Mika Satomi (JP), Hannah Perner-Wilson (AT) Massage me

interactive installation, 2008

Massage me is an interface that channels a videogame player's excess kinetic energy into a back massage for an ‘innocent bystander’. The massage interface is a wearable device that turns the person wearing it into a game pad. Sensors embedded in the material of the wearable interface are capable of interpreting massage movement as the controls to play everyday video games.

Massaging someone is usually a boring task. If you're lucky the most you'll get after a lot of pleading is a five minutes back rub. The idea to make Massage me came from a brief conversation one evening, trying to solve the problem of how to get a nice long massage for free. We noticed the potential of gamers, obsessed individuals in our midst, whose fingers seem to contain an endless source of energy. Transferring the concept of massage into the gaming scenario enables an innocent bystander to receive that long desired ever lasting back massage.
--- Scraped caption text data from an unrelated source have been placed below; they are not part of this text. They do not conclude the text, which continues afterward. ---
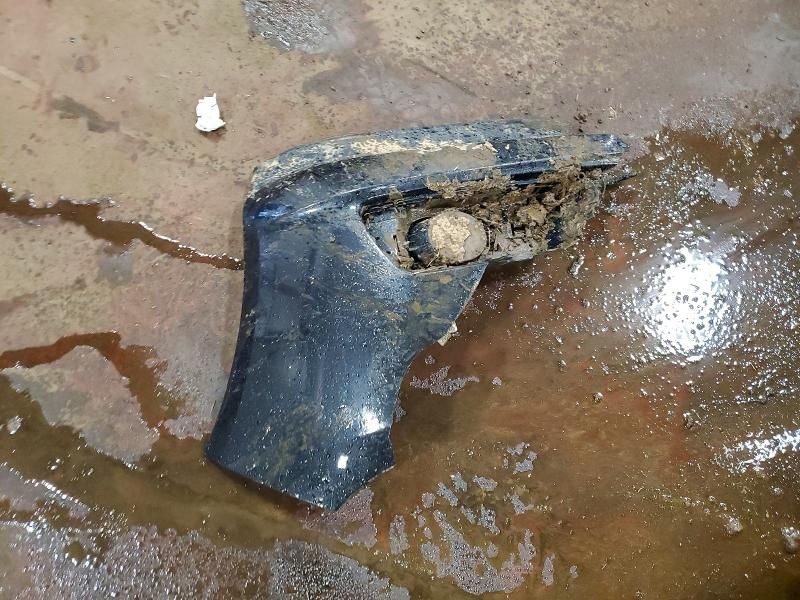 2014 Chevrolet Malibu 3LT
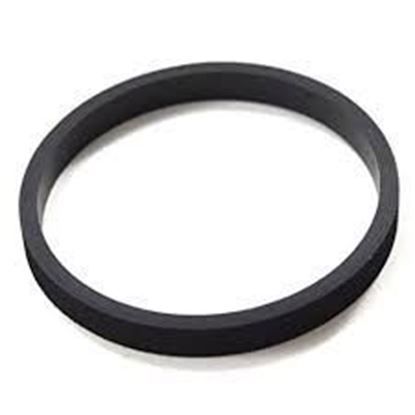 Whirlpool WP8520843 Dishwasher Seal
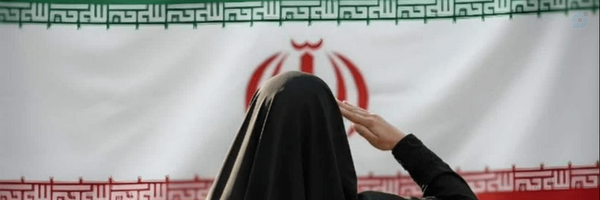 ‌بانو محمدی‌'s header picture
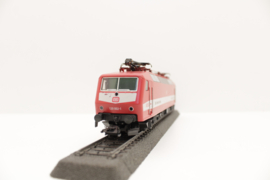 Märklin 3754 - DB AEG, E-loc BR 120 002-1 (HO|Digitaal)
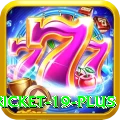 cricket 19 Super Casino App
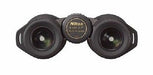 Nikon Binoculars EDG 8x42 Extra-low Dispersion Glass Waterproof from Japan_3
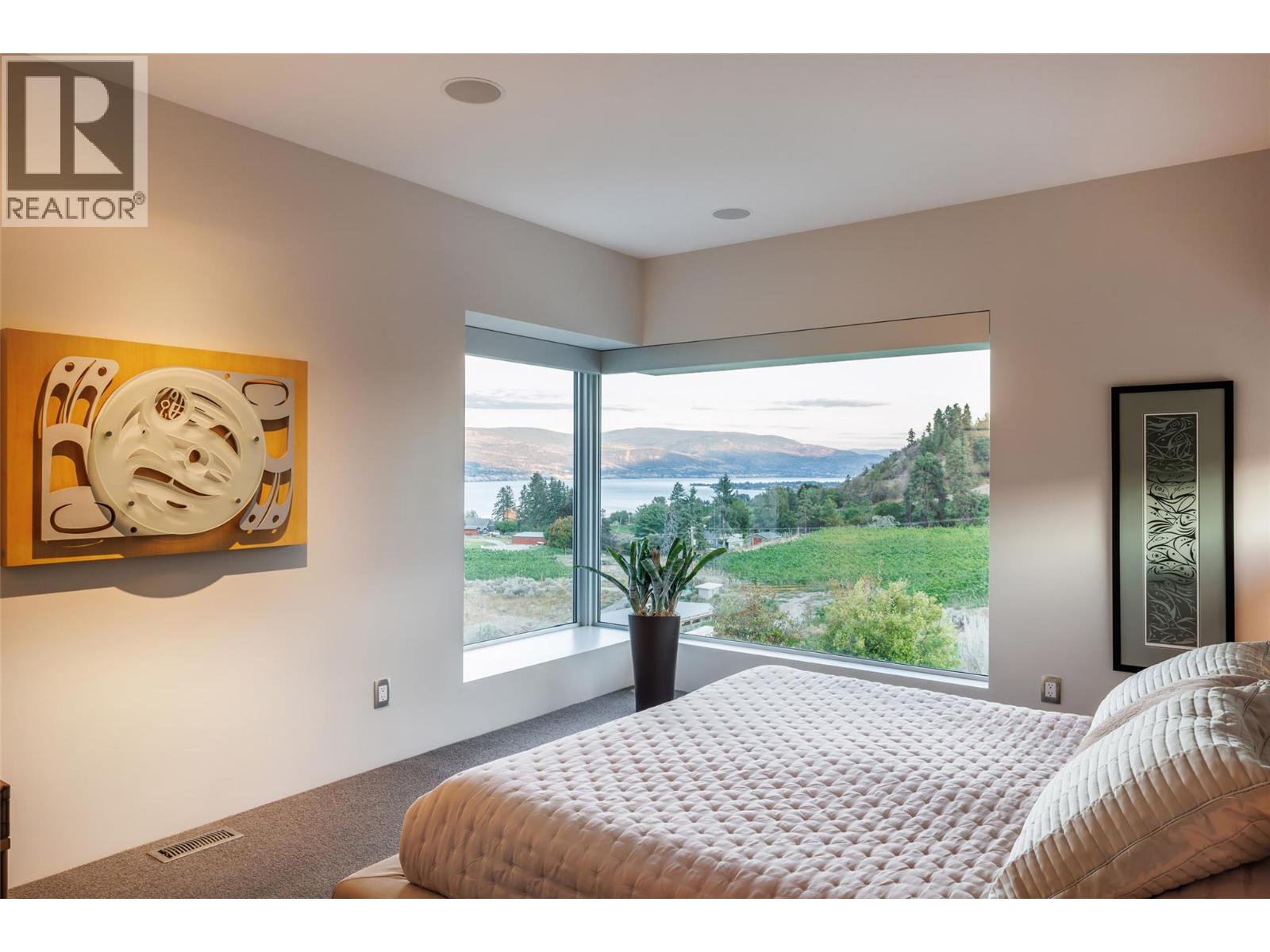Photo 20 of 18555 Matsu Drive, Summerland Rural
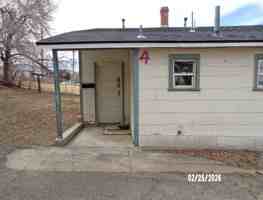 featured image of 716 E. Main - 4 #4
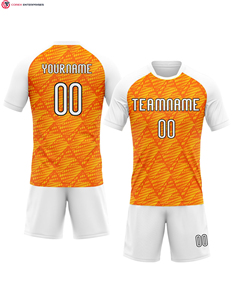 Logotipo personalizado Diseña tu propio uniforme de voleibol al por mayor camiseta de voleibol sublimación hombres mujeres camiseta de voleibol - Product Image 3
Now the addicted game player becomes an inexhaustible masseur.

Playing Massage me requires two people, one to wear the jacket and receive the massage and another to play the game and essentially give the massage. Soft flexible buttons made from layers of conductive fabric and perforated foam are embedded in the back of the jacket, turning wearer’s back into a gamepad. All the wearer needs to do is to sit or lay down in front of a video game player who will give them a back massage for as long as the game lasts.
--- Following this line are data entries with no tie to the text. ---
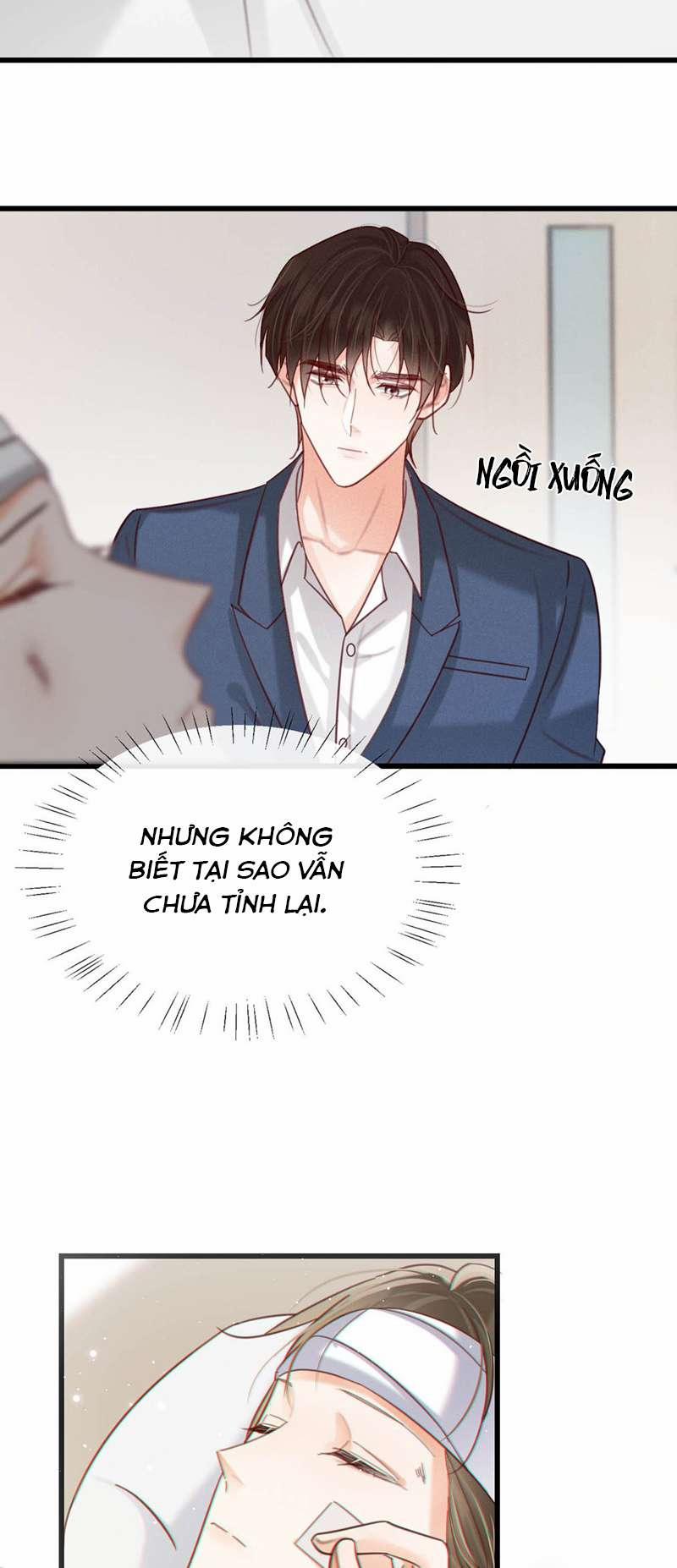 Nịch Tửu 93 trang 26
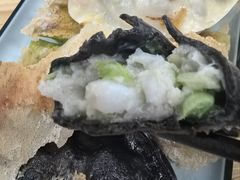 -众品老方子锅贴甜沫(李村店)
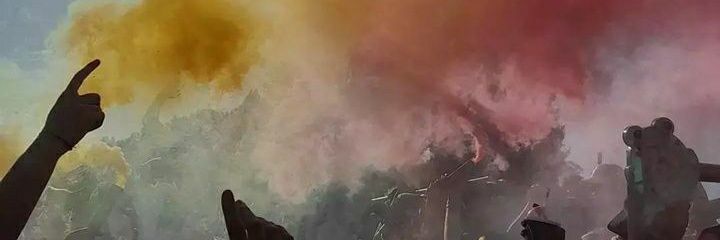 ➡️⏳FNDLP.25⌛⬅️'s banner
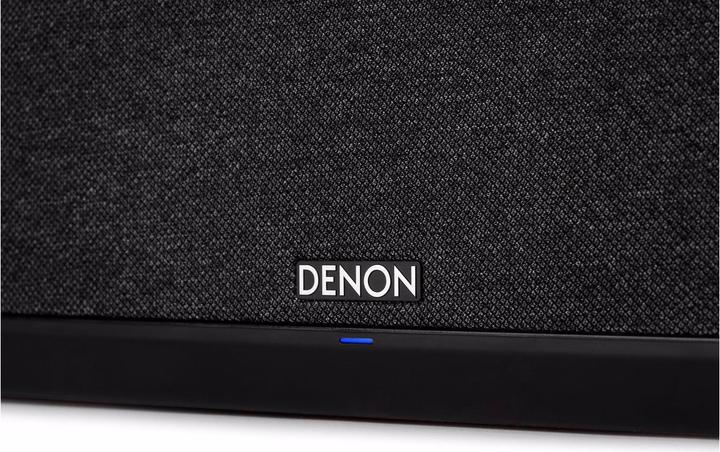 Actual product image Denon Home 350 (Bluetooth, Wi-Fi, Airplay 2)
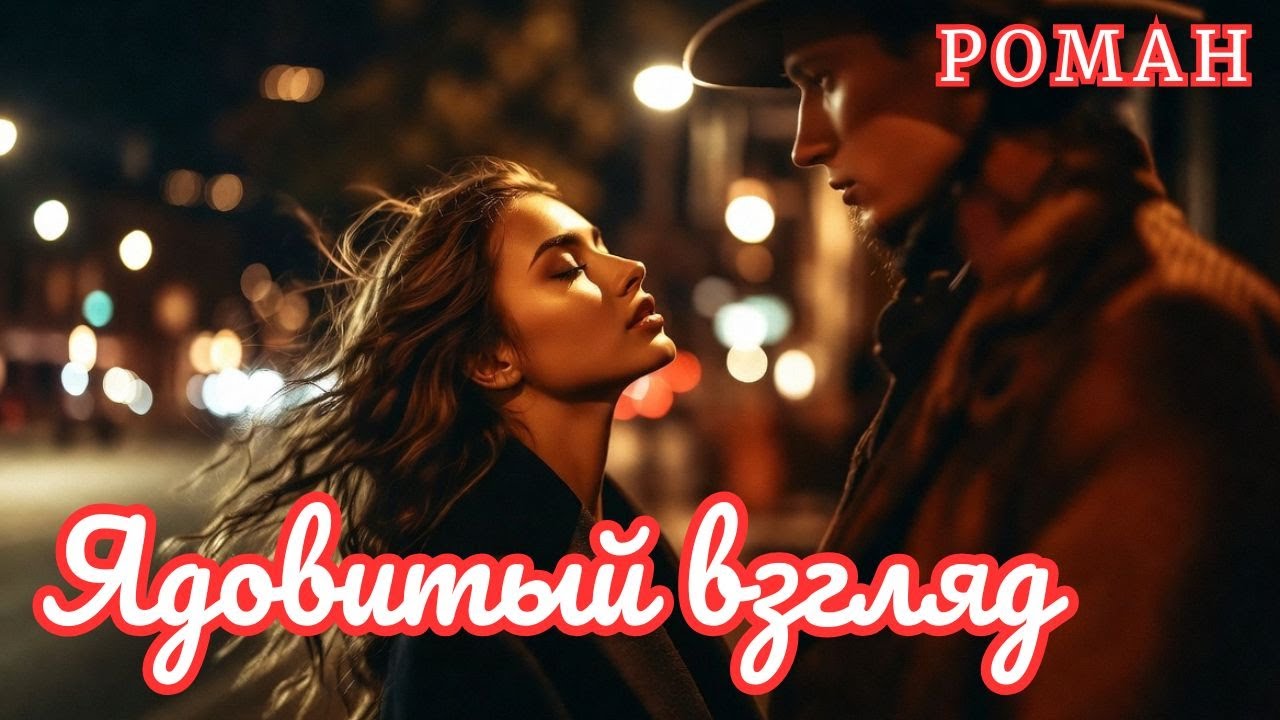 🎧 аудиокнига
Playing a video game with Massage me is also about having to deal with an alive component and questioning our current interaction with technology and one another. Involving the ‘innocent bystander’ which seems to be a by-product of many video games creates additional communication layer in the playing scenario.

Acknowledgement: Kunst Universität Linz, Interface Cultures, Bauhaus Universität Weimar, Ars Electronica Festival 2007

Mika Satomi (JP)

Mika Satomi is originally from Japan, currently a PhD candidate at Interface Culture, University of Art and Industrial Design Linz, Austria. She has studied Graphic Design at Tokyo Zokei University, and Media Art at IAMAS, Japan. In her research, she focuses on play theory, cyborg culture and practices in the field of wearable technology art.

Hannah Perner-Wilson (AT)

Hannah Perner-Wilson is interested in exploring alternative and seemingly bizarre human computer relations; she enjoys breaking technologies down to a basic level, from which she is able to develop her own interaction solutions and scenarios. She works on tangible, interactive and wearable technology projects.